Criminal cartel charges laid against ANZ, Citigroup and Deutsche Bank executives
The Australian Competition and Consumer Commission (ACCC) has formally laid criminal cartel charges against the ANZ, Citigroup, Deutsche Bank and six senior executives.
Those charged include ANZ’s global head of treasury, Rick Moscati, and the former chairman of Citigroup’s operations in Australia, Stephen Roberts.
The charges relate to the sale of $2.5 billion ANZ shares to institutional investors in August 2015.
The sale was organised and underwritten by Citigroup, Deutsche Bank and third big global bank JP Morgan to boost ANZ’s balance sheet in accordance with demands from the bank regulator APRA.
JP Morgan has not been charged.
Apart from Mr Moscati and Mr Roberts, those charged include Citigroup’s current managing director John McLean and global head of foreign exchange trading Itay Tuchman as well as Deutsche Bank’s former Australian chief executive Michael Ormaechea and Michael Richardson, who has also left the bank.
The three banks all strenuously deny the allegations and say they will vigorously defend themselves and their employees.
In an earlier statement Citi said there was no precedent for the action and there had been no guidance notes issued by the ACCC to the banks over their underwriting activities.
Two year investigation
The ACCC and the Australian Securities and Investments’ Commission have been investigating the disposal of about $790 million worth of shares the banks did not manage to sell in the initial auction to big institutional investors on August 6, 2016.

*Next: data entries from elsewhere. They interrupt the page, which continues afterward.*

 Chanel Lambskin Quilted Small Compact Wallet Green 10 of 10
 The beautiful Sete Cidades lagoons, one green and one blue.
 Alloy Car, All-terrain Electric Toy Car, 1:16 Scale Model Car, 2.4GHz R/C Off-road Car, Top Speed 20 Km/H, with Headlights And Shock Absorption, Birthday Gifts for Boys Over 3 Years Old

At the time, the market had not been informed about the overhang of unsold stock.
“This is a highly technical area and if the ACCC believes there are matters to address, these should be clarified by law or regulation or consultation,” Citigroup said.

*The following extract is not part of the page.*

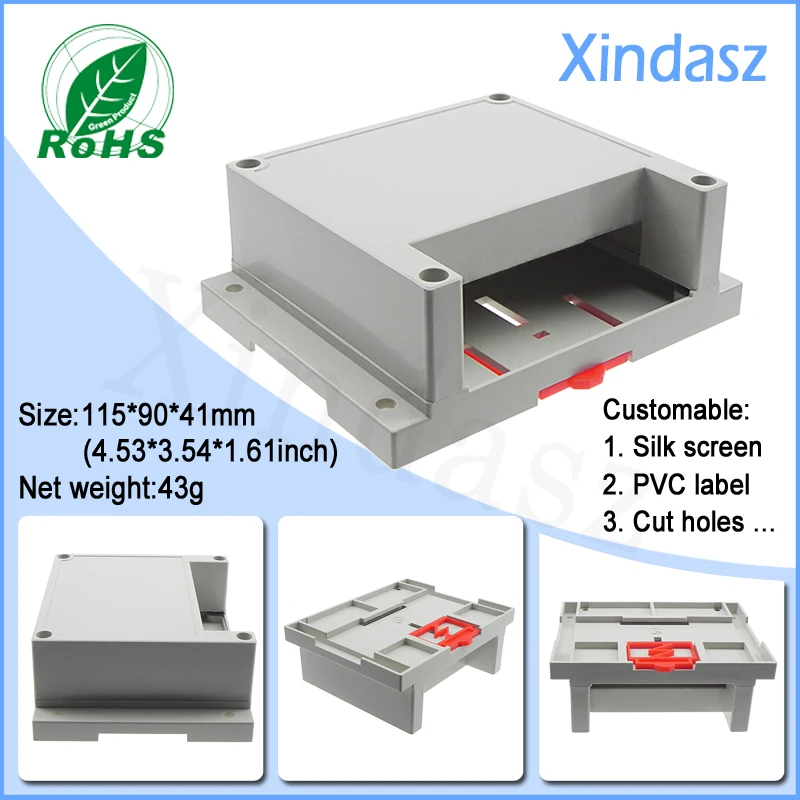 (10pcs/Lot)115*90*41mm abs enclosures for electronics din rail box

“Underwriting syndicates exist to provide the capacity to assume risk and to underwrite large capital raisings, and have operated successfully in Australia in this manner for decades.”

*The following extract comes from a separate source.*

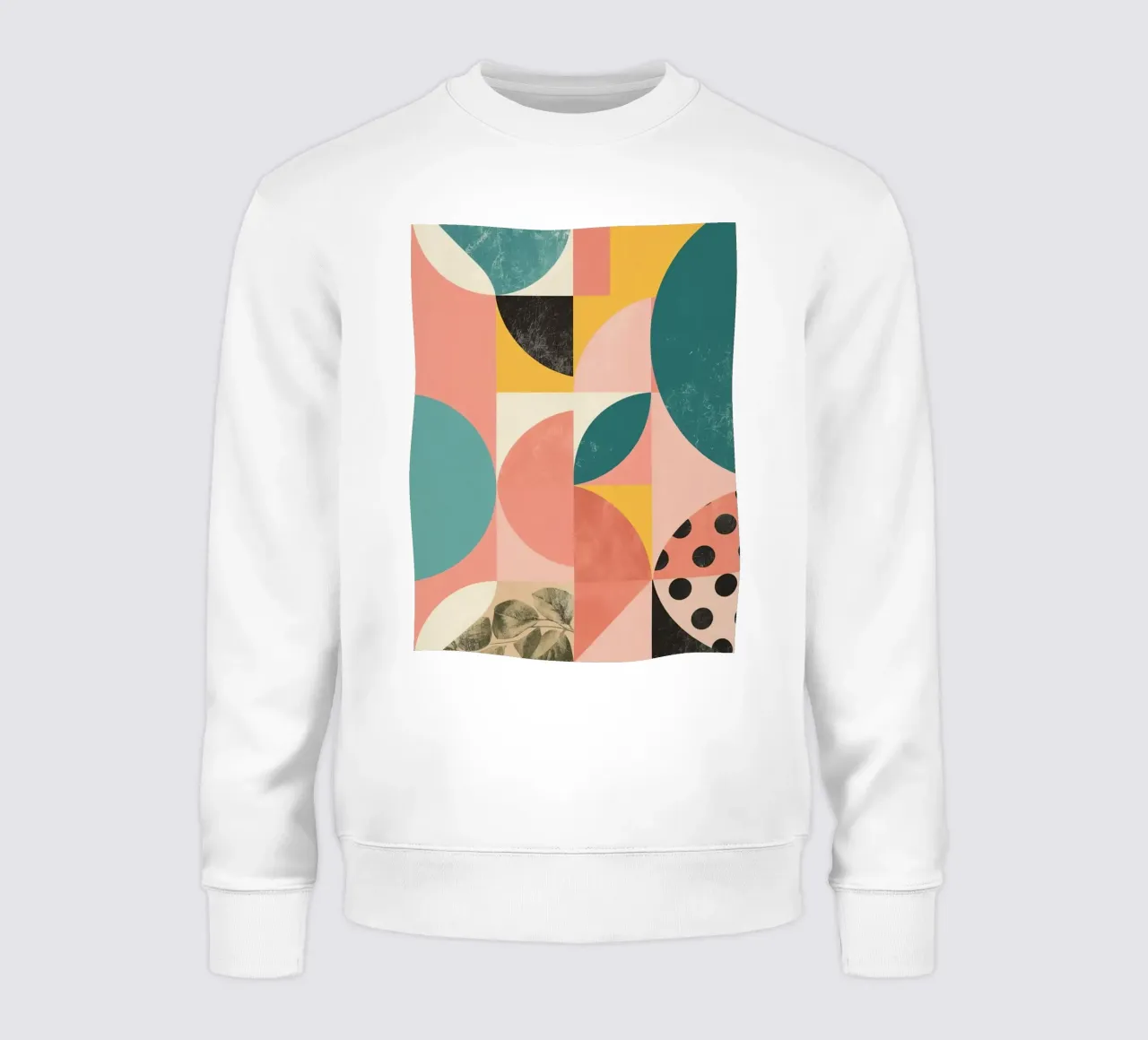 Abstract Geometric Pattern with Circles Squares and Leaf sweatshirt by DesignDoodle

ACCC chairman Rod Sims said: “These serious charges are the result of an ACCC investigation that has been running for more than two years.
“Charges have now been laid by the Commonwealth Director of Public Prosecutions and the matter will be determined by the court.”
The matter is listed before the Downing Centre Local Court in Sydney on July 3, 2018.
Under the Competition and Consumer Act, individuals found guilty face up to 10 years in jail and/or fines of up to $420,000 per criminal cartel offence.
Institutions face fines of up to $10 million per offence.